Par Léon SAKI – DP Afrique Matin. net
Aucune affirmation n’a autant marqué les africains que celle exprimée par Léopold Sédar Senghor dans son ouvrage ETHIOPIQUES: « L’émotion est nègre, comme la raison est hellène ». Nous avions, à l’époque scolaire et universitaire, mené des débats sur cette assertion et regretté que cela vienne d’un défenseur de la cause noire, l’apôtre de la négritude. Senghor avait réussi parfaitement à produire une onde de choc au sein de la communauté noire à travers cette formule réductrice.
Mais voilà que 78 ans après, elle refait surface en donnant la preuve irréductible de la fascination que le noir porte à l’émotion, ou du moins, de l’essence émotionnelle du nègre. Senghor a quitté ce monde en 2001 et depuis, la succession des événements qui se produisent dans le monde invite à se réinterroger, à nous rappeler d’une partie de cette formule qui nous intéresse: « L’émotion est nègre…». L’émotion, d’après la philosophie, peut se définir basiquement comme une manifestation de la vie affective, généralement accompagnée d’un état de conscience agréable ou pénible.
Dans tous les cas, c’est un état affectif qui momentanément fait surgir la joie, le bonheur, les passions… ou la tristesse, la mélancolie, le désarroi… Et il faut le noter, pendant des siècles, la raison a été opposée aux émotions considérées comme inférieures. D’ailleurs, de nombreux dictons découlent de cette conception, dont le plus célèbre est certainement celui de Blaise Pascal: « Le cœur a ses raisons que la raison ignore« .
On pourrait ainsi affirmer que l’émotion est un inducteur puissant d’humeur et le piège utilisé par tous les escrocs du monde notamment la Raison pour assujettir, corrompre et dominer.
Avec les attentats de Paris contre la rédaction de Charlie Hebdo ou le Bataclan, beaucoup de personnes ont dû voir la grande compassion manifestée par les Africains et leurs Chefs d’Etats à l’égard du peuple Français. Guidés par notre degré élevé de l’émotion, nous avons exprimé notre solidarité à la Mère-patrie, parfois par des marches, parfois par des sanglots.
Le plus émouvant réside plus dans cette capacité à s’émouvoir que la volonté de passer à l’action contre toutes ces causes de notre émotion. Et pourtant, l’émotion associée à la volonté peut produire une merveilleuse action capable d’écrouler n’importe quel fardeau ou farce de la Raison.
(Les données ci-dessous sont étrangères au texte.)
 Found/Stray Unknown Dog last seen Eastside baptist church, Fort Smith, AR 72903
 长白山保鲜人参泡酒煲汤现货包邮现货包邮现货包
Aujourd’hui face à la tragédie de l’homme noire en Libye, à la traite négrière sous une autre forme, nous assistons à un vaste mouvement d’émotion sans plus.
Les Africains préfèrent mourir de compassion que de passer à des actions coercitives ou de réciprocité. Sur les réseaux sociaux, ils sont devenus les champions des paroles vaines sans aucune organisation des consciences pour des actions concrètes. Ils refusent d’être des KOFFI KOUASSI RICHARD, ce jeune homme qui a choisi la prison au désespoir de la maison. Pour voir les choses changer, il est temps d’agir; « Il faut de l’action au-delà de l’émotion ».